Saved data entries
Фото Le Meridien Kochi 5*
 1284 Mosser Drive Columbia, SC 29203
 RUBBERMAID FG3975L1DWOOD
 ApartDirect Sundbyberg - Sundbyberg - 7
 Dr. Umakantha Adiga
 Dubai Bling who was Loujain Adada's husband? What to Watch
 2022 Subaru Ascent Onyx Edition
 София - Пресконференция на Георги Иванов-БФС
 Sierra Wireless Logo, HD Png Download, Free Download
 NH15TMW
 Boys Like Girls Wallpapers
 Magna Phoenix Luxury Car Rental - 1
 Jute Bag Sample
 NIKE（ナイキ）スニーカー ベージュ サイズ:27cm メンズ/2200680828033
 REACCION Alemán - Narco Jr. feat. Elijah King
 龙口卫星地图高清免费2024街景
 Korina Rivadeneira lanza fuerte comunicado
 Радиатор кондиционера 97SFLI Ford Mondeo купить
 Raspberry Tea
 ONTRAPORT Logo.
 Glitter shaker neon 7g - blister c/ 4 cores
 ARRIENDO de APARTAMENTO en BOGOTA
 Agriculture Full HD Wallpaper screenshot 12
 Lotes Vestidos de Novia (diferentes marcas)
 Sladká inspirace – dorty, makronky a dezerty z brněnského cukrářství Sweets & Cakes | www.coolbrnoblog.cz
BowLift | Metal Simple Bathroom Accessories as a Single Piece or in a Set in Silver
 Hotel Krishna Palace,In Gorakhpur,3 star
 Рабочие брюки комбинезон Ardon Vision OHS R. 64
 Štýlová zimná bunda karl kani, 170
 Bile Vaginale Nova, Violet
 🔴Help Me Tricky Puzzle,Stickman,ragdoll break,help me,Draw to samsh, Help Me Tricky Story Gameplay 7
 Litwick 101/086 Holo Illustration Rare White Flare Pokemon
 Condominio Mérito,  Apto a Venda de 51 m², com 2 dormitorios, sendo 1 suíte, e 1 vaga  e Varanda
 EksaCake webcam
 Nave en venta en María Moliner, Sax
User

- EXERCISE INSTRUCTIONS -
Once you have checked each line above for the string "Logo", state how many lines contain it and add nothing more.

- WRITTEN ANSWER -
2